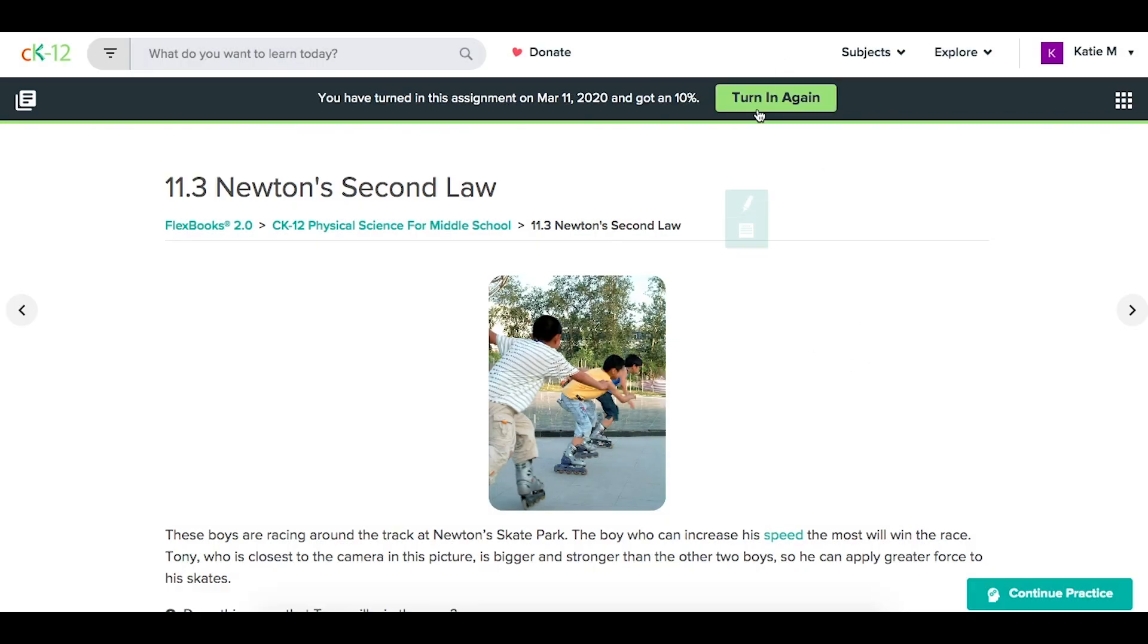Now notice they now have the option to turn it in again if they wanted to continue the practice and work from there.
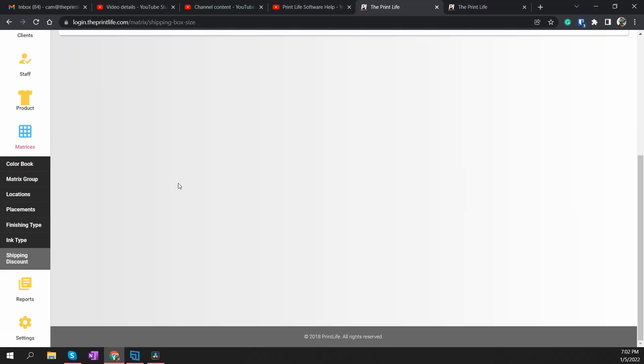Anyway, you all rule and thank you so much for signing up. Any questions or bugs to report — please email a screenshot along with your question to support@theprintlife.com. Talk to you soon!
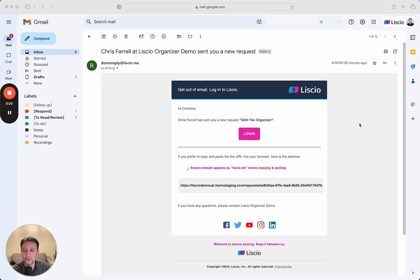Welcome to Lisio's Smart Tax Organizer. Today we're going to look at the client experience.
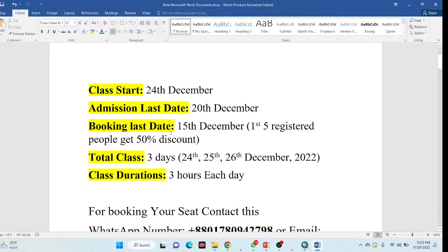The admission last date is 20th December, and the booking last date is 15th December. We also offer the first five registered people a total 50% discount. This is an opportunity for those who want to join this online training program and get the 50% discount — just complete your registration and join our WhatsApp group to get all of the information.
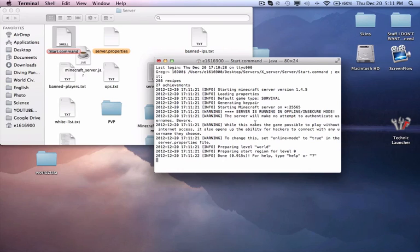So yeah, that's it. In the description below, I will post codes for a Tekkit server, a Bucket server, and a normal server. Thanks for watching, everybody. Please subscribe, hit the like, and have a good day.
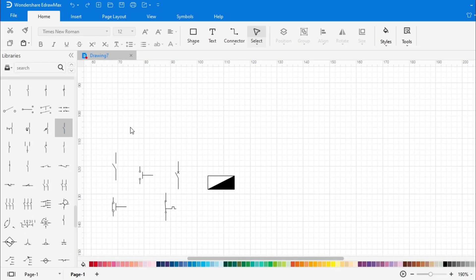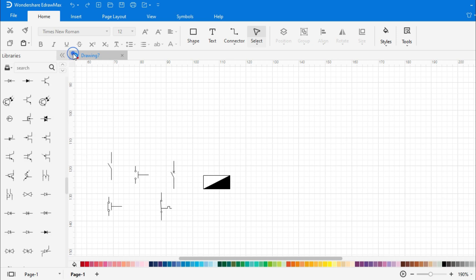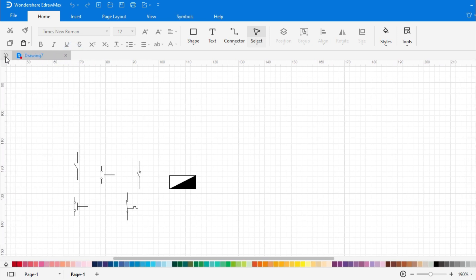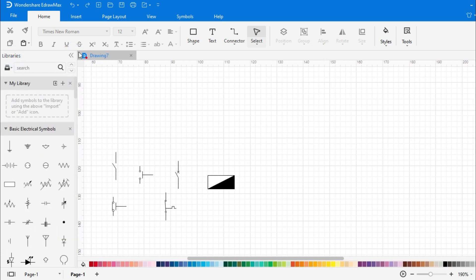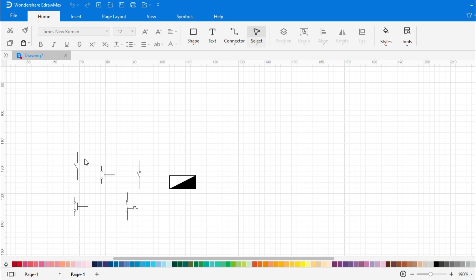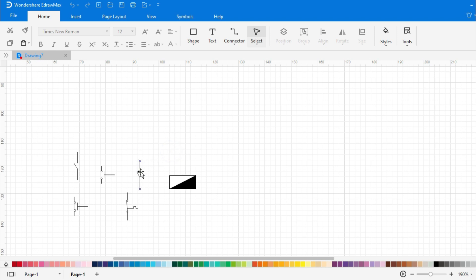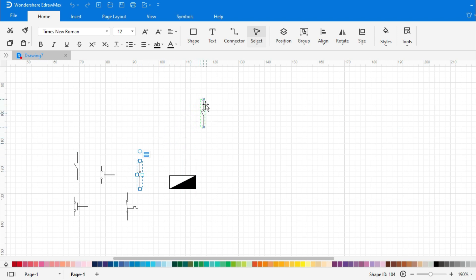After entering the symbols in the drawing area, we can minimize and maximize the symbol library. Now you can place symbols according to the circuit. It is very easy to place. Just select the symbol and place it in the right position. Now place all the symbols in the right place according to the circuit.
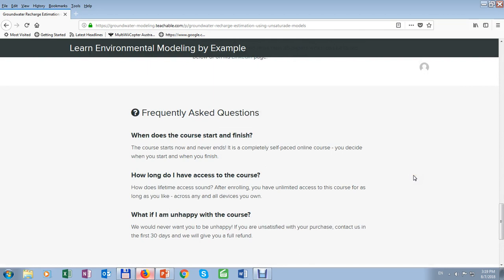When does the course start and finish? How long do I have access to the course? And what if I am unhappy with the course? You can read it, but I will tell you — you have a 30-day money-back guarantee. So take a look, and if you don't like it, we can return your money.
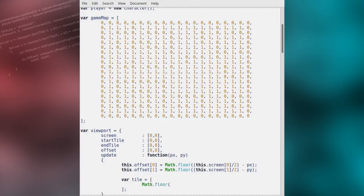Now we'll calculate the X and Y value of the tile which would fall underneath the dead centre of our updated camera position. This actual tile does not have to exist — it's simply used as a reference for calculating the start and end tiles which will be drawn. We calculate this by rounding down the PX argument by the width of a tile, and the PY argument by the height of a tile.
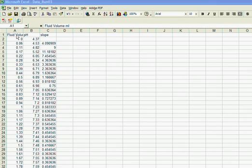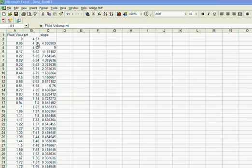Already I have my basic titration data, my fluid volume, how much base was added versus the pH of the solution, and from that I've already calculated the slope of the titration curve.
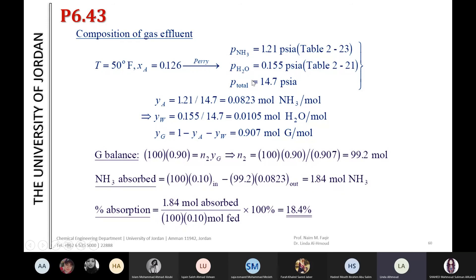You can use Perry's handbook because it is very important. If you look at all this information, you can obtain partial pressures for each component according to the system. If you know the temperature, mole fraction, and liquid phase composition, you can determine partial pressures of the components in the gas phase.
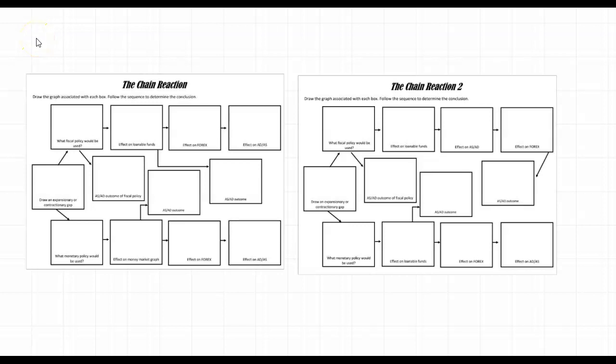Hi everybody, Mr. Farmer here. Today we're going to talk about the AP Macroeconomics Chain Reactions. It's a worksheet I came up with a little bit ago. What it does is it asks you to go through all the connections between the different graphs.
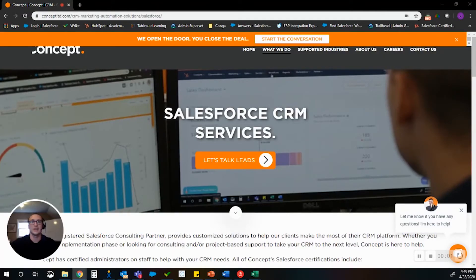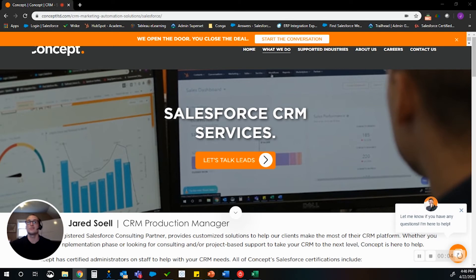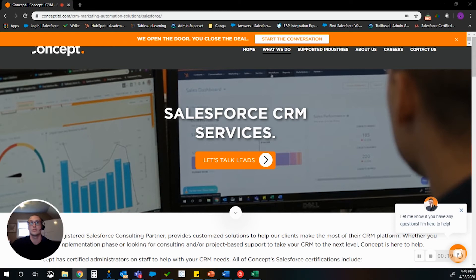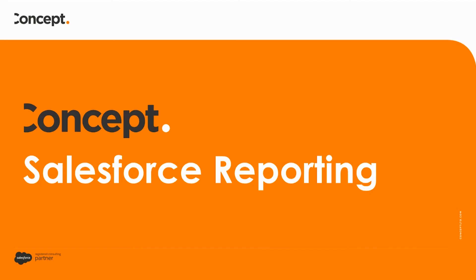Hey, everybody. It's Jared here. I wanted to start this new video series for any sales or marketing leaders that might have their hands in Salesforce every day, as well as anyone who may be in a Salesforce role that's supporting sales and marketing leadership and just looking for some more help or some fresh new ideas around reporting.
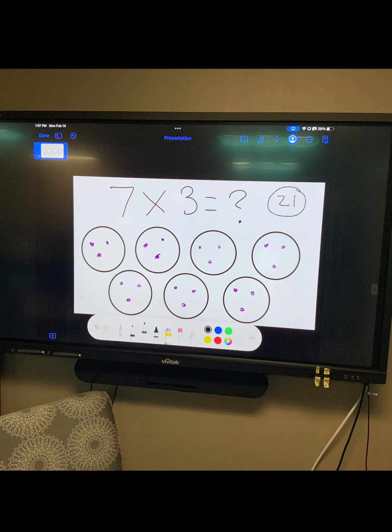Your learner's work is now displayed for all to see. As they make changes on their iPad, it will be reflected on your Vivitech board. Why not have them explain their thinking and discuss with others how to solve a problem?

- What to produce:
When copying the entries above, keep each word as it is and exclude any image.

- Expected answer:
Now notice they now have the option to turn it in again if they wanted to continue the practice and work from there.
Anyway, you all rule and thank you so much for signing up. Any questions or bugs to report — please email a screenshot along with your question to support@theprintlife.com. Talk to you soon!
Welcome to Lisio's Smart Tax Organizer. Today we're going to look at the client experience.
The admission last date is 20th December, and the booking last date is 15th December. We also offer the first five registered people a total 50% discount. This is an opportunity for those who want to join this online training program and get the 50% discount — just complete your registration and join our WhatsApp group to get all of the information.
So yeah, that's it. In the description below, I will post codes for a Tekkit server, a Bucket server, and a normal server. Thanks for watching, everybody. Please subscribe, hit the like, and have a good day.
After entering the symbols in the drawing area, we can minimize and maximize the symbol library. Now you can place symbols according to the circuit. It is very easy to place. Just select the symbol and place it in the right position. Now place all the symbols in the right place according to the circuit.
When does the course start and finish? How long do I have access to the course? And what if I am unhappy with the course? You can read it, but I will tell you — you have a 30-day money-back guarantee. So take a look, and if you don't like it, we can return your money.
Now we'll calculate the X and Y value of the tile which would fall underneath the dead centre of our updated camera position. This actual tile does not have to exist — it's simply used as a reference for calculating the start and end tiles which will be drawn. We calculate this by rounding down the PX argument by the width of a tile, and the PY argument by the height of a tile.
Already I have my basic titration data, my fluid volume, how much base was added versus the pH of the solution, and from that I've already calculated the slope of the titration curve.
You can use Perry's handbook because it is very important. If you look at all this information, you can obtain partial pressures for each component according to the system. If you know the temperature, mole fraction, and liquid phase composition, you can determine partial pressures of the components in the gas phase.
Hi everybody, Mr. Farmer here. Today we're going to talk about the AP Macroeconomics Chain Reactions. It's a worksheet I came up with a little bit ago. What it does is it asks you to go through all the connections between the different graphs.
Hey, everybody. It's Jared here. I wanted to start this new video series for any sales or marketing leaders that might have their hands in Salesforce every day, as well as anyone who may be in a Salesforce role that's supporting sales and marketing leadership and just looking for some more help or some fresh new ideas around reporting.
Your learner's work is now displayed for all to see. As they make changes on their iPad, it will be reflected on your Vivitech board. Why not have them explain their thinking and discuss with others how to solve a problem?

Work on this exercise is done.